What you need to do: With the pictures omitted, please transcribe exactly the lines beginning at the one that contains "Two professionals reviewing" and ending with the last line of the records below.

Records for processing:
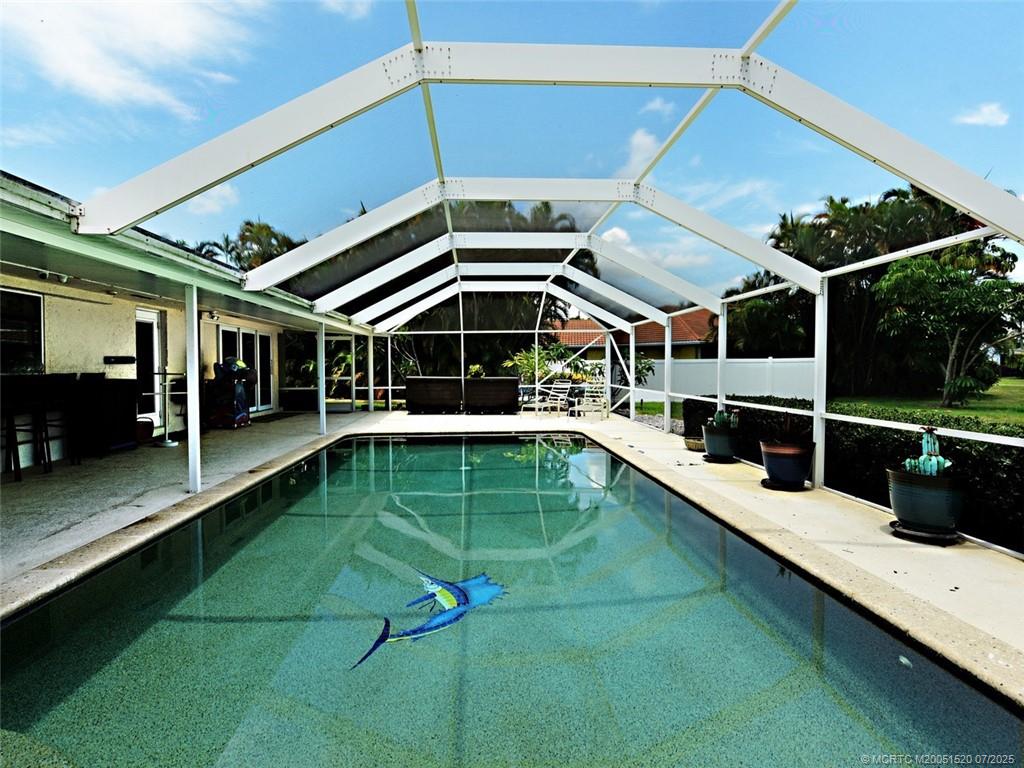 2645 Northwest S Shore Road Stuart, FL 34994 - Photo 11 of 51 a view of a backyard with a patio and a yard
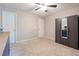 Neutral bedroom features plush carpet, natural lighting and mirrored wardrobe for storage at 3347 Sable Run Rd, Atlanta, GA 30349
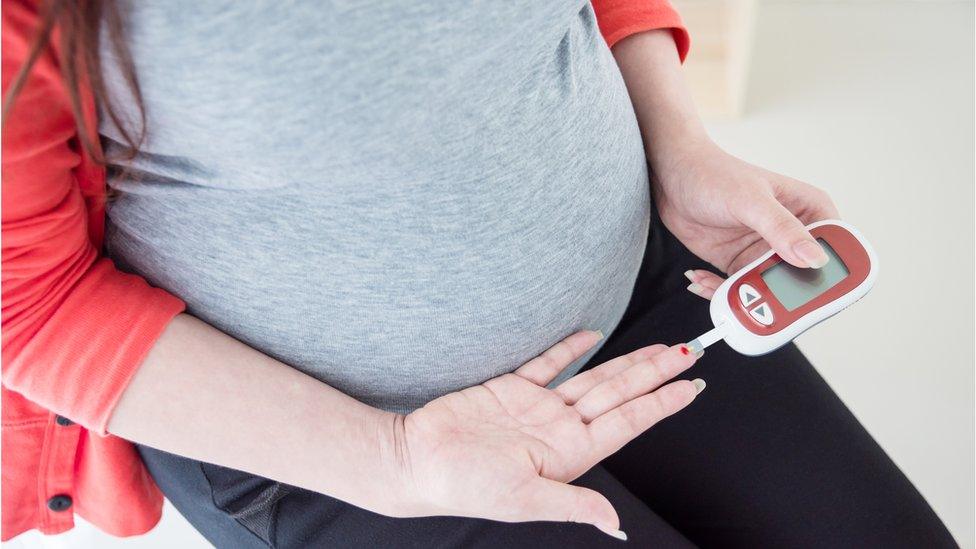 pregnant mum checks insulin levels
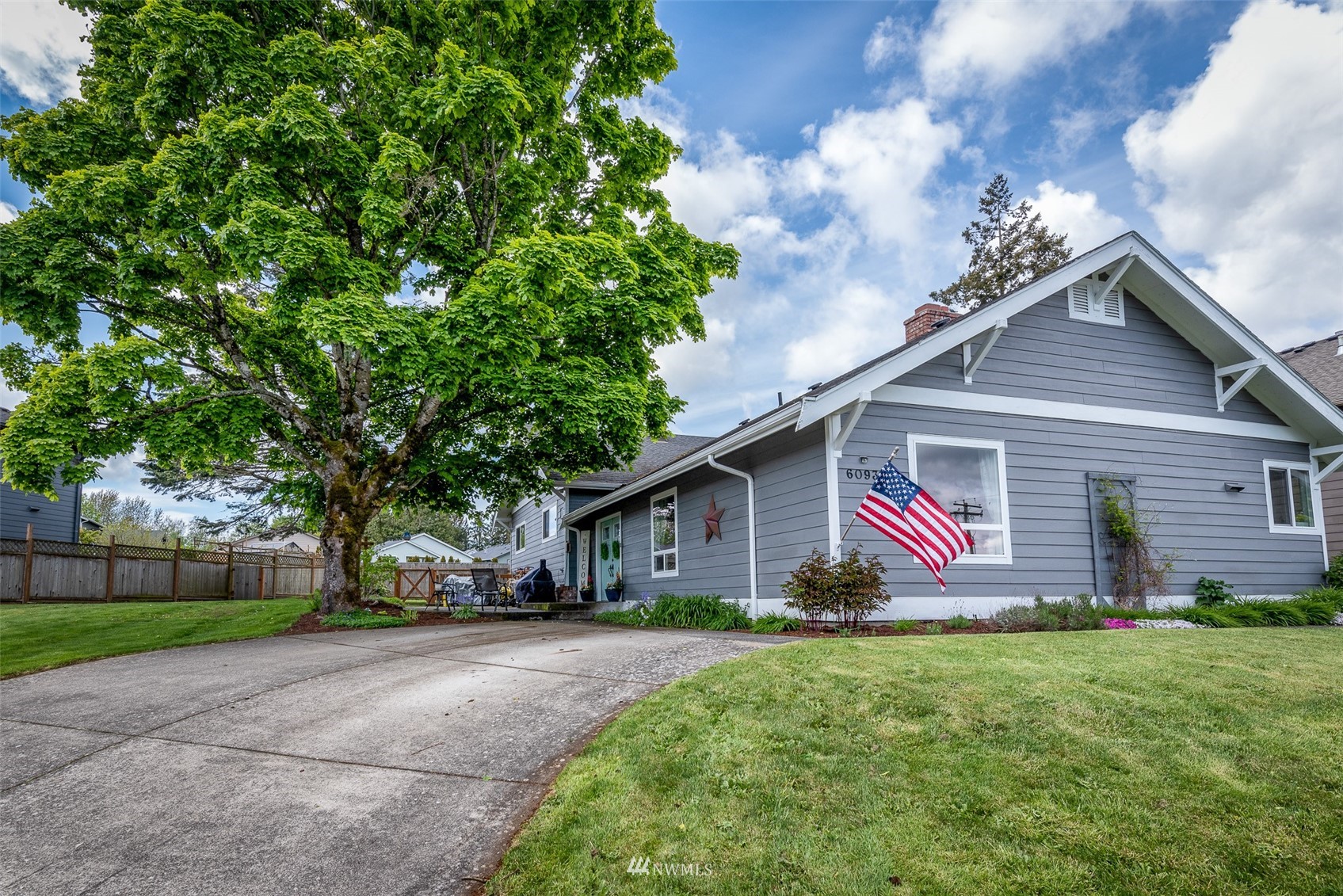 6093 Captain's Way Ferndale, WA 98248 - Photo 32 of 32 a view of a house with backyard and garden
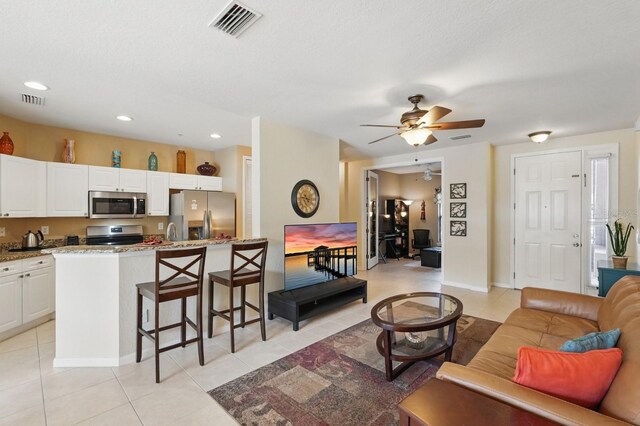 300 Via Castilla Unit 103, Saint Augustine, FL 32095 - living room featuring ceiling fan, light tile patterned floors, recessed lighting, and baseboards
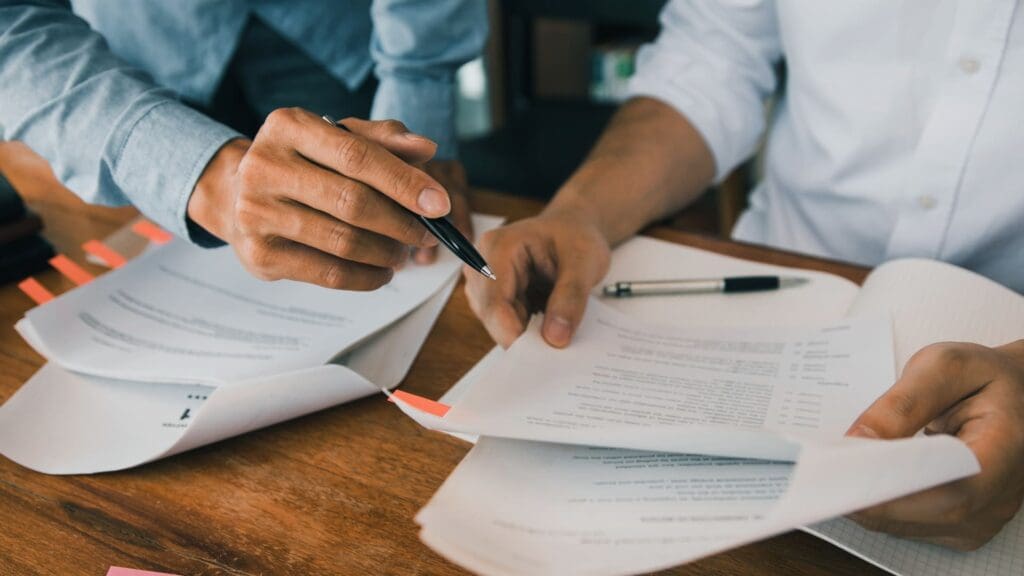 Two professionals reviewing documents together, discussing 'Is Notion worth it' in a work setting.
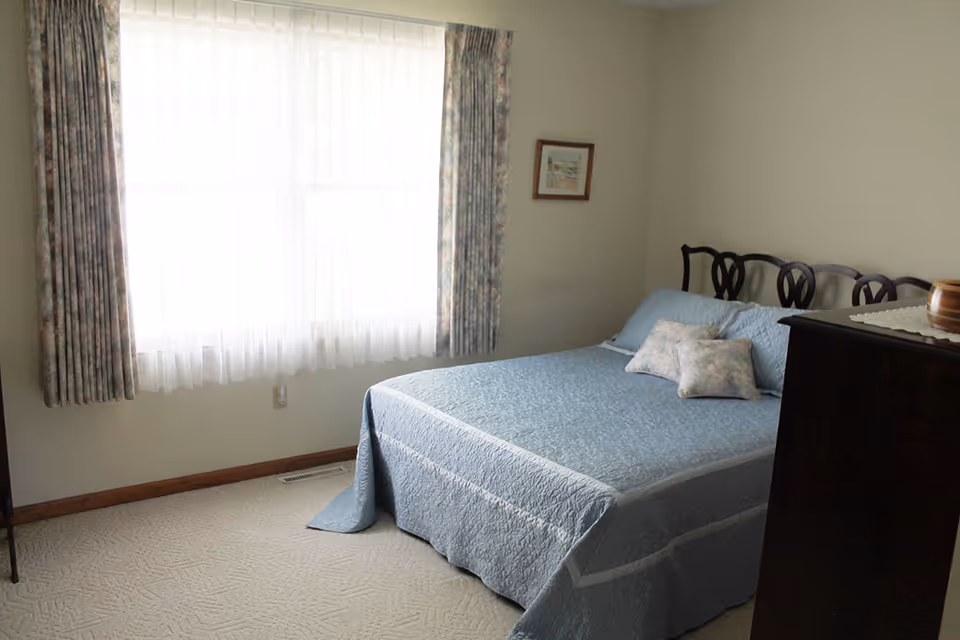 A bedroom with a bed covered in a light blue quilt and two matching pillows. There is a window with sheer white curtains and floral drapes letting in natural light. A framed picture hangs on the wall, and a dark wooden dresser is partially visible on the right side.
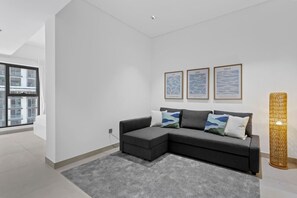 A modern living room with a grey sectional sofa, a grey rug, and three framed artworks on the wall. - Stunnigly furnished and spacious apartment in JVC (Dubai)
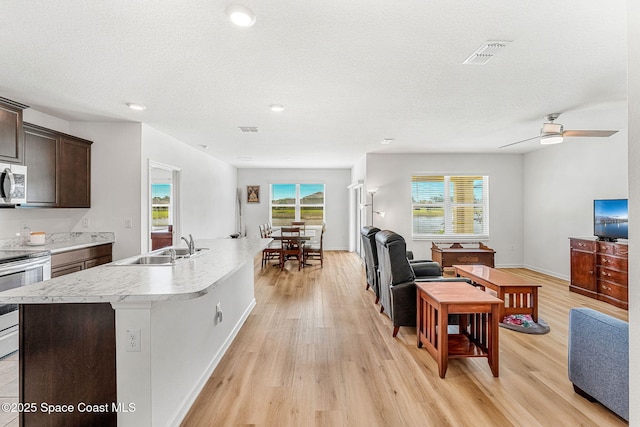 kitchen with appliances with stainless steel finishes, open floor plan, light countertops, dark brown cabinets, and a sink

Output below:
 Two professionals reviewing documents together, discussing 'Is Notion worth it' in a work setting.
 A bedroom with a bed covered in a light blue quilt and two matching pillows. There is a window with sheer white curtains and floral drapes letting in natural light. A framed picture hangs on the wall, and a dark wooden dresser is partially visible on the right side.
 A modern living room with a grey sectional sofa, a grey rug, and three framed artworks on the wall. - Stunnigly furnished and spacious apartment in JVC (Dubai)
 kitchen with appliances with stainless steel finishes, open floor plan, light countertops, dark brown cabinets, and a sink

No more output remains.